Dakota kızılderililerinin kullandığı ateş yakma tekniği.
Eğer kamp için kalacağınız yerde bir kaç gece kalacaksanız en uygun tekniklerden biridir. Rüzgarlı ortamlarda avantaj sağlar. Yangın riskini azaltır.
Daha az odun, daha az duman ile yemek pişirmenizi sağlar. "Yanan ateş dışarıdan çok belli olmadığı için gizliliğin gerektiği durumlarda da tercih edilir" dense de çok inanmayın. açık alanda içtiğiniz bir sigara bile normal hava şartlarında 1 km uzaklıktan göründüğü düşünüldüğünde ışık disiplini söz konusu ise hiç ateş yakmamak doğrusudur.
Yelpaze kullanmaya gerek kalmaz.
Fakat acil durumlarda söndürmesi çok kolaydır; konakladığınız yerin üzerine yağacak bir iki günlük yağmur ile geride iz kalmaz.
Sabah yeni ateş yakmadan önce içindeki külleri temizlemesi biraz zordur, başka derdi yoktur.
Gelelim nasıl hazırlandığına. Ölçüleri genelde santimetre cinsinden verirler fakat ben kol ve karış ile vereceğim.
Öncelikle rüzgarın yönünü belirlemelisiniz. Türkiyede rüzgarlar genelde kuzeyden eser. Orman içerisindeyseniz ağaçlar rüzgarı keseceği için kolaylık olması açısından rüzgarı bayır aşağısından geliyor gibi düşünebilirsiniz.
Öncelikle ateş yakacağımız yerde çam pürçüğü, kurumuş ot gibi yanma riski olan maddeleri uzaklaştıracağız. Ormanı yakmak istemiyoruz aman dikkat. Zemini güzelce temizliyoruz. yanımıza alacağımız keser bu iş için en uygun alet. Hem çukur kazar, hem çadır çivisi çakar, hem çadır etrafına yağmur kanalı kazar, hem de yan çevirdiğinizde otları temizler.
temizliğin ardından iki tane çukur açacağız.
Birinci çukurumuz, ateşin yanacağı büyük çukur. Çukurun çapı, bileğimizden dirseğimize kadar olacak. (Yaklaşık 30-35 cm yapar)
Çukur zemininin derinliği dirseğimizden yumruğumuzun ucuna kadar olacak.
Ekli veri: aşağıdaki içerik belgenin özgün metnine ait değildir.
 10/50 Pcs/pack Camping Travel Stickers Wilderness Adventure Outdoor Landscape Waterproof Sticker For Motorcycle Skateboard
Zemin seviyesini bir yumruk boyu kadar daha geniş yapacağız. Zemin hizasının tamamını genişletmek yerine, rüzgar yönünün tersinde kalacak kısmını genişletmek de yeterli olur.
Yerden çıkardığımız toprağı çukurun etrafına dağıtıp baca gibi etrafını çevirmek için kullanacağız.
Ardından ikinci çukur. Bu çukur rüzgarın geldiği yöne açılacak. Büyük çukurun kenarına dirseğimizi koyduğumuzda, ellerimiz açık, parmaklarımızın ucuna gelecek kadar olan mesafede (40-45 cm yapar) ikinci çukurumuzun yeri olacak. Çukurun çapı bir karış olmalı. Elinizi fazla açmayın, çok da geniş olmasın (10-15 cm)
ilk çukuru 1 yumruk boyu derinliğinde açtıktan sonra, ilk çukurumuzun zemine doğru kol genişliğinde tünel kazacağız. Yaklaşık 40 derecelik bir açı yapar. iki çukuru birleştiren hava kanalını da açtığımızda ocak hazırdır.
Büyük çukurun içine odunları dikine yerleştirip, kuru otları zeminde tutuşturuyoruz. Hava kanalından gelen hava odunların da tutuşmasını sağlıyor.
çevreye ısı yayılmadığı için az miktarda odunla yemek pişirebiliyoruz.
Kamp yerinden ayrılma hazırlıklarına başlarken çukuru kendi içinden çıkarmış ve çevreye baca gibi sarmış olduğumuz toprakla dolduruyoruz. Böylece ateşin söndüğüne de emin oluyoruz. Kamp alanından ayrılıren çevredeki çam pürçüklerini de ocağımızın üzerine dağıtıp hiç gelmemiş gibi ayrılmak da mümkün. (geride iz bırakmadan gidebilmek önemlidir, unutmayın; ormana oradaki canlıların misafiri olarak gidiyoruz) Fakat ateşin iyice söndüğüne emin olmadan bunu yapmayın.